Here’s a question via Twitter from our EDU Edge friend Sadie Wilson @sawilson3, an aspiring teacher finishing up student teaching and preparing for the teacher interview process.
“Who should I get letters of recommendations from?
Are there some that are more important to get than others?”
Sadie – We think your question is an important one. The EDU Edge cadre of school administrators across the country sees thousands of candidates’ credential files, applications, cover letters, resumes, etc and we believe that selection of references is something that is often times approached too casually by teaching candidates.
We see that candidates (especially those with limited teaching experience – like those just out of student teaching) will sometimes lean toward using friends or coworkers because they feel the closest with these people and believe they will say the kindest things about them.

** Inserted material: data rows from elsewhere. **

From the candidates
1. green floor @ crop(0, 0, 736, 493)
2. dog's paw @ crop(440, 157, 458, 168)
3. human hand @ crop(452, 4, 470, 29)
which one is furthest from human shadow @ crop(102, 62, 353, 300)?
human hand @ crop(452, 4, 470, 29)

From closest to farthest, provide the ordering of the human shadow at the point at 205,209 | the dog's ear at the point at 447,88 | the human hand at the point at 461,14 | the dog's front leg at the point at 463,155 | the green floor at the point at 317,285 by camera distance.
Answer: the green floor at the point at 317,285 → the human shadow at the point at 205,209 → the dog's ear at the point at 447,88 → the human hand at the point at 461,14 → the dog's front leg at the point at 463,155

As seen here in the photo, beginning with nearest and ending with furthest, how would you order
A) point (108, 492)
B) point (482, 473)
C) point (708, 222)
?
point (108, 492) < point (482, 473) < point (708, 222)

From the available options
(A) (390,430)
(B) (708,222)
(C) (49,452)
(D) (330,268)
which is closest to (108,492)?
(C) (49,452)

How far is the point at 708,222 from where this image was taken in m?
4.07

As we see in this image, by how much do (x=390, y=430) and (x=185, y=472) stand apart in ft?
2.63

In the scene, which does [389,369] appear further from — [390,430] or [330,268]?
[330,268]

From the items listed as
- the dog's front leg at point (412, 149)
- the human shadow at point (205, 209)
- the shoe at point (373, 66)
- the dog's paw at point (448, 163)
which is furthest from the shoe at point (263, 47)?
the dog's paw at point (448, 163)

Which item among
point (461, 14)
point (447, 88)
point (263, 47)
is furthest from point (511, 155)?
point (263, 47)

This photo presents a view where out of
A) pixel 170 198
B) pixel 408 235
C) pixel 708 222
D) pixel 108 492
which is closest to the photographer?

Moreover, there is also a tendency to list or submit letters from supervisors who they have worked for in jobs that were not related to teaching children. Our EDU Edge principals and central office administrators report that they give these types of references much less weight.
We believe it is essential to have at least two references from those individuals who have directly supervised you while you have been teaching and working with students. If you are limited in who you can list or are prioritizing your list, the general rule of thumb is to include references who have witnessed you working with students above those who have not. Student teaching supervisors who have observed you in the classroom can certainly be valuable references, but they can be trumped by other references as their interest in seeing their college’s graduates secure work can affect their perceived level of objectivity among potential employers.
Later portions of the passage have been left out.